This week on phys.org, we published news about muons, gigantic stellar waves, a Homo-erectus-thwarting mini ice age, and a new whale guy.
Particle wobbles: Macro-scale physicists have achieved nanoscale precision measurements of the muon anomalous magnetic moment as part of a decades-long agenda of shaking the standard model and shouting “Are you complete yet?” The unforthcoming standard model has stubbornly refused to explain subatomic phenomena like dark matter, and scientists have been searching at increasingly smaller scales for particles within the standard model that could account for them. One such mystery: If you run muons in circles around a powerful magnet, they wobble, decaying in unexpected directions. This is the anomalous magnetic moment. It’s possible that undiscovered particles nudge muons under these conditions. Does this latest project, the Muon g-2 experiment, resolve the question? Haha, no. But it does confirm earlier findings at a much higher level of precision, which is a pretty big deal, at least according to physicists, to whom “big” is, like, the size of an electron.
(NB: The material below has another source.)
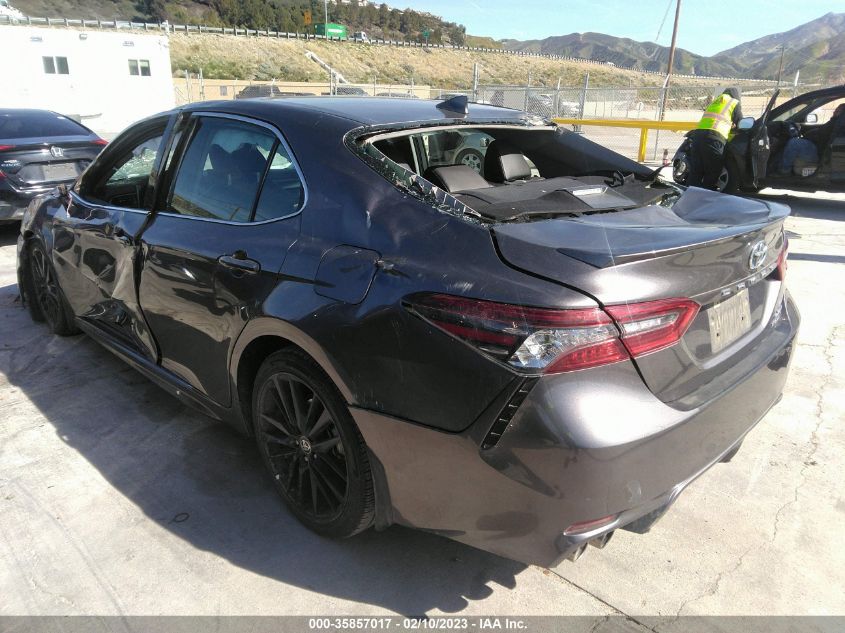 2022 TOYOTA CAMRY HYBRID XSE VIN: 4T1K31AK5NU575535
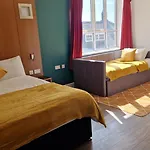 Park Hotel & Apartments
New whale guy: If you relate emotionally to organisms that crawled from the ocean to the land, said “lol, no,” and waddled back into the sea forever, a new whale guy just dropped. An international team of scientists discovered an extinct whale that inhabited the Tethys Ocean, an ancient sea that once covered modern Egypt. They’ve named it after notable 18th-dynasty pharaoh Tutankhamen. Tutcetus ratanesis is a basilosaurid, an extinct family that lived during the middle to early late Eocene. Tutcetus is the smallest species of basilosaurid ever discovered, expanding the size range of the family and illuminating early whale evolution.
Apocalypse Not: In 2022, researchers led by Dr. Kenneth Tankersley published a sensational paper in Scientific Reports claiming that the Indigenous Hopewell culture, which thrived around what is now Cincinnati, was destroyed by an exploding comet 1,500 years ago. OK! One and a half years later, archaeologists at Ball State University say that not only is the word “destroyed” doing some heavy lifting, the words “by,” “an,” “exploding” and “comet” are similarly load-bearing structural elements. In their response paper, also published in Scientific Reports, researchers including Dr. Kevin C. Nolan basically challenge all of the individual words in the original paper.
“There is no evidence for catastrophically burned habitations at any of the 11 Hopewell sites studied by Tankersley’s team,” Dr. Nolan said. “The burned surfaces identified by the University of Cincinnati researchers are either localized episodes of burning for ceremonial purposes, such as cremating the honored dead, or are not even burned surfaces at all.” Fair enough! The response paper also carefully details “numerous instances of possibly intentional data manipulations.”